How I Lost My Radio Show
The
Who? Allow me to introduce myself. I’m a public radio commentator, a 42 year-old mini-van driving mother of two. At the time of my firing and I realize this may sound like a joke, a Saturday Night Live caricature of the nervous, twittering ladies of NPR but here goes . . . When fired for obscenity I was in the middle of a five-part series on knitting. The kind of you do with yarn.
We live in surreal times, when fear of the FCC and fear of fear of the FCC swirl together to create a Perfect Media Storm. That's how a local commentator fired from a $150-a-week job can suddenly make Variety, NBC news, the Drudge Report, Reuters, the BBC, even the crawl on CNN Headline News: "RADIO COMMENTATOR SANDRA TSING LOH FIRED FOR OBSCENITY." My supporters range from The National Review to Howard Stern. I don’t know whether my next invitation will be to the White House or to Larry Flynt’s. And then there’s the passionate outpouring of hundreds of e-mails on my behalf. I feel like Howard Dean without the vision. . . or the scream.
Here’s what happened. For the past six years, I’ve been doing autobiographical commentaries for KCRW in Los Angeles. Widely regarded as L.A.’s most adventurous public radio station, KCRW is known for cutting-edge news coverage, arts coverage, and trend-setting music. When celebrities wish to discuss politics too thorny for primetime, they come to KCRW. Israel/Palestine, Iraq, gay marriage no one shrinks from hot-button issues. It’s considered a bastion of free speech and independent thinking. Which was why I had no clue I’d be fired for the following segment from my show:
SHE’S THE BETTE:
My husband, my soul mate, my ROOMMATE of 15 years he sleeps LATE, doesn’t LISTEN, moves my STUFF around. . . But he DOES play guitar for Bette Midler on her MASSIVE new STAGE show there are TIMES when he STANDS within five FEET of her!. . . so I guess I have to (bleep should have gone here) him. Because you know what? It’s finally DAWNED on me, this tour, that Bette Midler. . .
Unfortunately the bleep intended as a fleeting comic throwaway inspired by the famously blue-talking diva did not happen. My KCRW engineer still employed at the station forgot. And this moment became what Ruth Seymour, my station manager, would describe to Reuters as my very own "Janet Jackson performance piece."

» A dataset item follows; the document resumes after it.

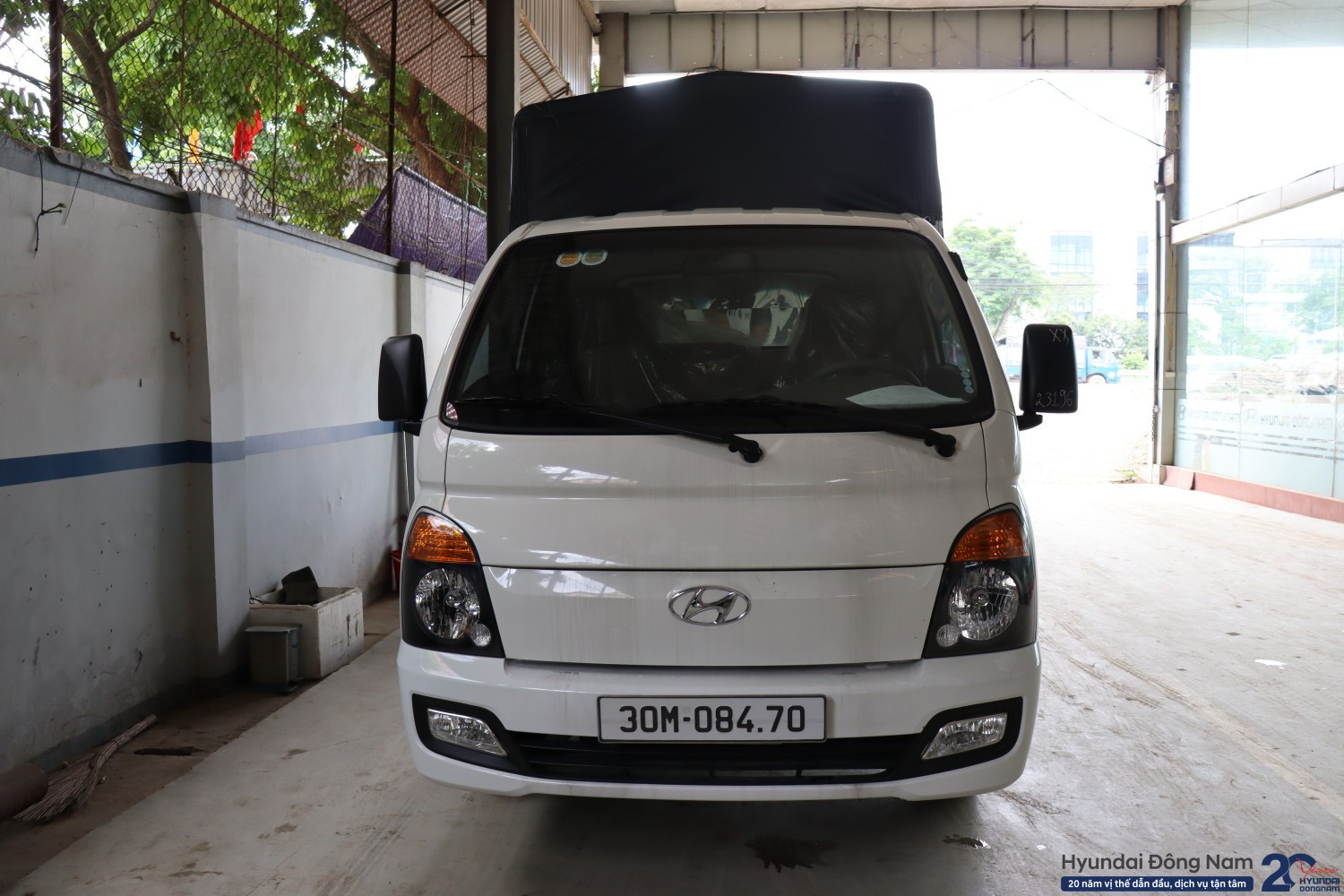 hyundai-porter-h150-thung-mui-bat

Mine’s not a pure FCC obscenity story. Yes, the expletive is classified by the FCC as "strong" since it was used as a verb as opposed to Bono’s euphoric Golden Globe exclamation last year , "It’s f___ing brilliant," which is considered OK because, well, he was just saying it for emphasis and not talking about an act of, um, love. But my outburst was never supposed to make it on the air. It was not part of a lewd series. The FCC never even contacted the station to complain. KCRW called my firing a "preemptive distancing." Although they later offered me my job back, and even promised a better time slot, I declined.
While a policy of zero-tolerance regarding profanity was for my dismissal, this had not strictly been the station’s practice. Case in point: A 2002 interview that Seymour did with Dennis Hopper regarding Andy Warhol. While discussing the work of Helmut Newton, Hopper used the same strong obscenity I did, Ruth laughed, and it ran unbleeped.
But he's Dennis Hopper, and I'm not. I’m a once-hip columnist on a still-hip station whose commentaries, since having children, have veered to knitting. I’ve just been bumped from drive time to 7:25 Sunday mornings, a berth so sleepy no one even called the first time the expletive aired, enabling it horribly to air again two hours later.
Yes, mine's a small, oft-told tale of inside baseball, office politics, double standards. . . but you know what? My case also represents a troubling template for the future. We know about Howard Stern, Bubba the Love Sponge and a Chicago DJ named "Mancow," raunch-shockmeisters all, awaiting FCC rulings. More insidious is a climate of fear so pervasive even public radio knitters are being axed. While I won’t be sending KCRW any love letters soon, I understand their worries. Now that the FCC has raised the fine per incident from $27,000 to $500,000, it’s one slip-up and your small local station is out of business.
I’ve seen the future and it is John Tesh. . . music. Pre-recorded.
Loh is a radio commentator, writer and performer. Her last solo show was "Sugar Plum Fairy" at the Geffen Playhouse in Los Angeles. Her series "The Loh Down" is heard monthly on Marketplace (PRI).